Kudu Sink

Download connector Kudu Connector for Kafka 2.1.0

A Connector and Sink to write events from Kafka to Kudu. The connector takes the value from the Kafka Connect SinkRecords and inserts a new entry to Kudu.

Prerequisites

  • Apache Kafka 0.11.x of above
  • Kafka Connect 2.x or above
  • Kudu 0.8 or above
  • Java 1.8

Features

  1. The KCQL routing querying - Kafka topic payload field selection is supported, allowing you to select fields written to Kudu.
  2. Error policies for handling failures.
  3. Auto creation of tables.
  4. Auto evolution of tables.

KCQL Support

{ INSERT | UPSERT } INTO kudu_table SELECT { FIELDS, ... }
FROM kafka_topic_name
[AUTOCREATE]
[DISTRIBUTE BY FIELD, ... INTO NBR_OF_BUCKETS BUCKETS]
[AUTOEVOLVE]

Tip

You can specify multiple KCQL statements separated by ; to have a the connector sink multiple topics.

The Kudu sink supports KCQL, Kafka Connect Query Language. The following KCQL support is available:

  1. Field selection.
  2. Target table selection.
  3. Insert and upset modes.
  4. Auto creation of tables.
  5. Auto evolution of tables.

Kudu at present does not have a concept of databases like Impala. If you want to insert into Impala you need to set the target table accordingly:

impala:database.impala_table

Example:

-- Insert mode, select all fields from topicA and write to tableA
INSERT INTO tableA SELECT * FROM topicA

-- Insert mode, select 3 fields and rename from topicB and write to tableB
INSERT INTO tableB SELECT x AS a, y AS b and z AS c FROM topicB

-- Upsert mode, select all fields from topicC, auto create tableC and auto evolve, use field1 and field2 as the primary keys
UPSERT INTO tableC SELECT * FROM topicC AUTOCREATE DISTRIBUTEBY field1, field2 INTO 10 BUCKETS AUTOEVOLVE

Write Modes

Insert Mode

Insert is the default write mode of the sink.

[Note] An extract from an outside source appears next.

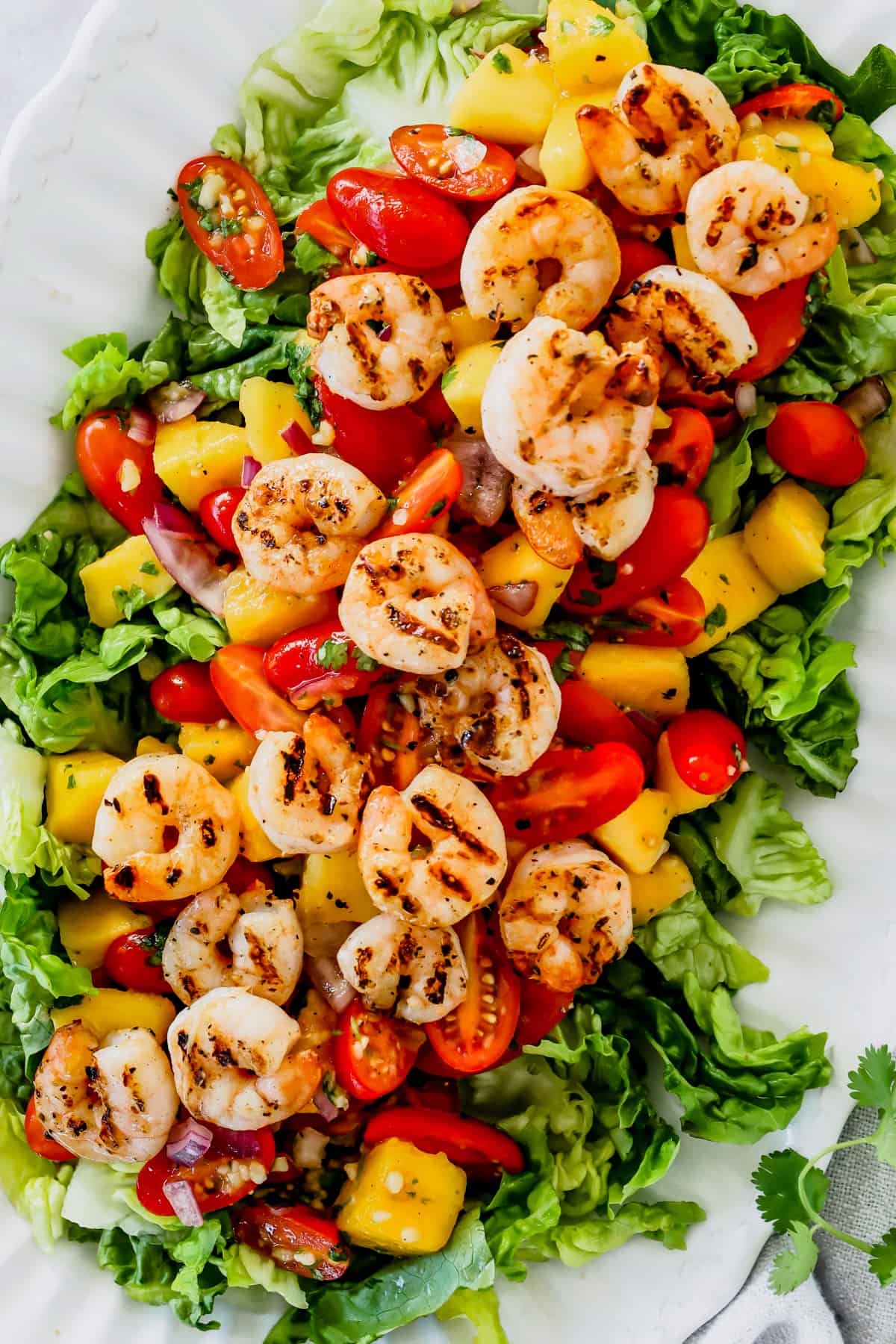 Mango and Grilled Shrimp Salad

Kafka currently can provide exactly delivery semantics, however to ensure no errors are produced if unique constraints have been implemented on the target tables, the sink can run in UPSERT mode. If the error policy has been set to NOOP then the Sink will discard the error and continue to process, however, it currently makes no attempt to distinguish violation of integrity constraints from other exceptions such as casting issues.

Upsert Mode

The Sink supports Kudu upserts which replaces the existing row if a match is found on the primary keys. Kafka can provide exactly once delivery semantics and order is a guaranteed within partitions. This mode will, if the same record is delivered twice to the sink, result in an idempotent write. If records are delivered with the same field or group of fields that are used as the primary key on the target table, but different values, the existing record in the target table will be updated.

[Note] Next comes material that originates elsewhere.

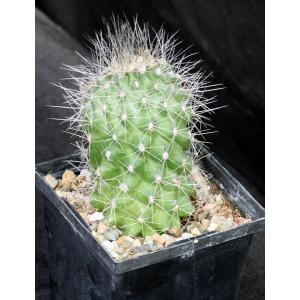 Copiapoa humilis 5-inch pots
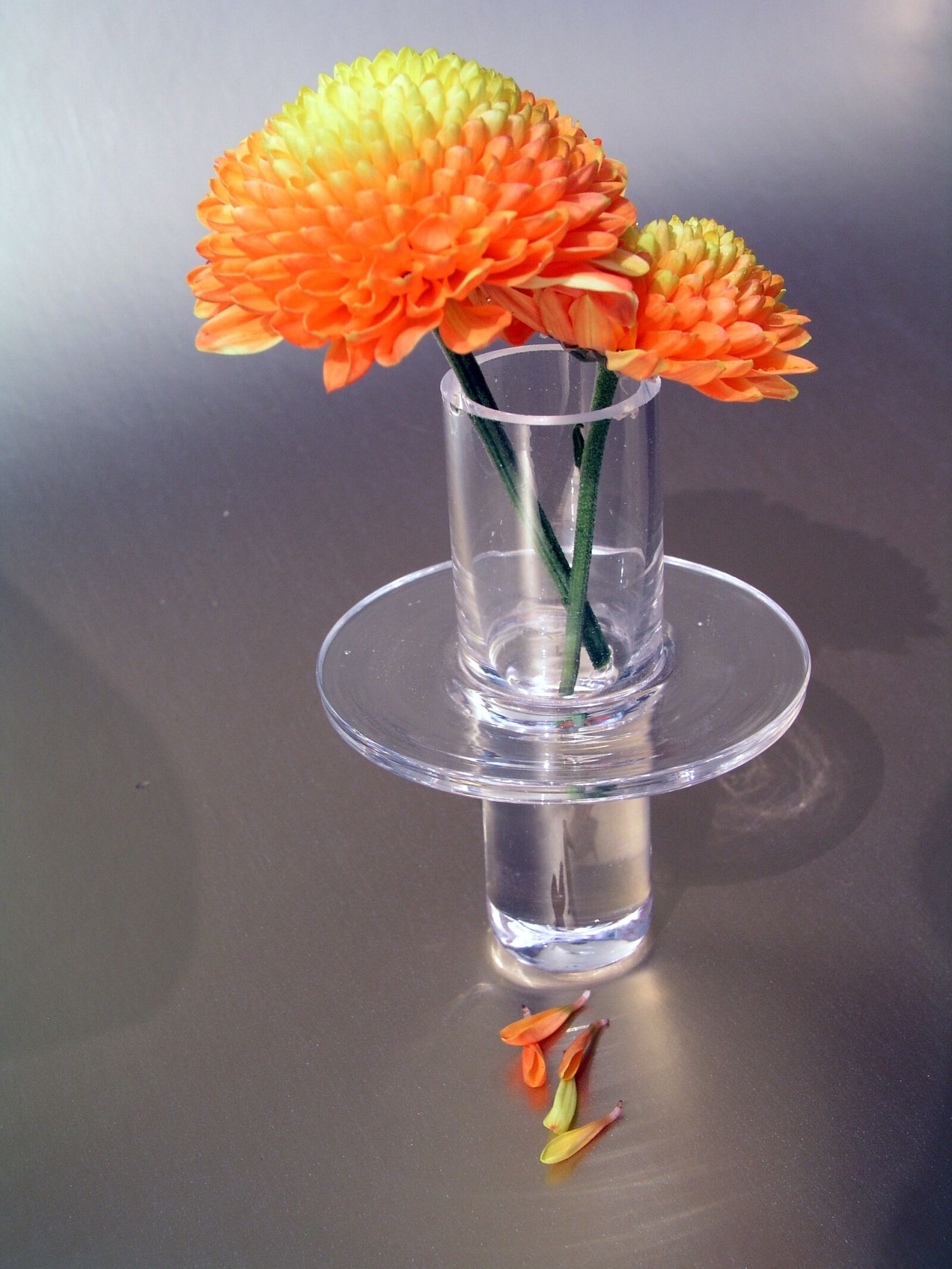 Olympus C5050Z sample photo. Crystal, still life, flower photography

Since records are delivered in the order they were written per partition. The write is idempotent on failure or restart. Redelivery produces the same result.

Auto Create

If you set AutoCreate, the sink will use the schema attached to the topic to create a table in Kudu. The primary keys are set by the PK keyword. The field values will be concatenated and separated by a -. If no fields are set the topic name, partition and message offset are used.

Kudu has a number of partition strategies. The sink only supports the HASH partition strategy, you can control which fields are used to hash and the number of buckets which should be created. This behaviour is controlled via the DISTRIBUTEBY clause.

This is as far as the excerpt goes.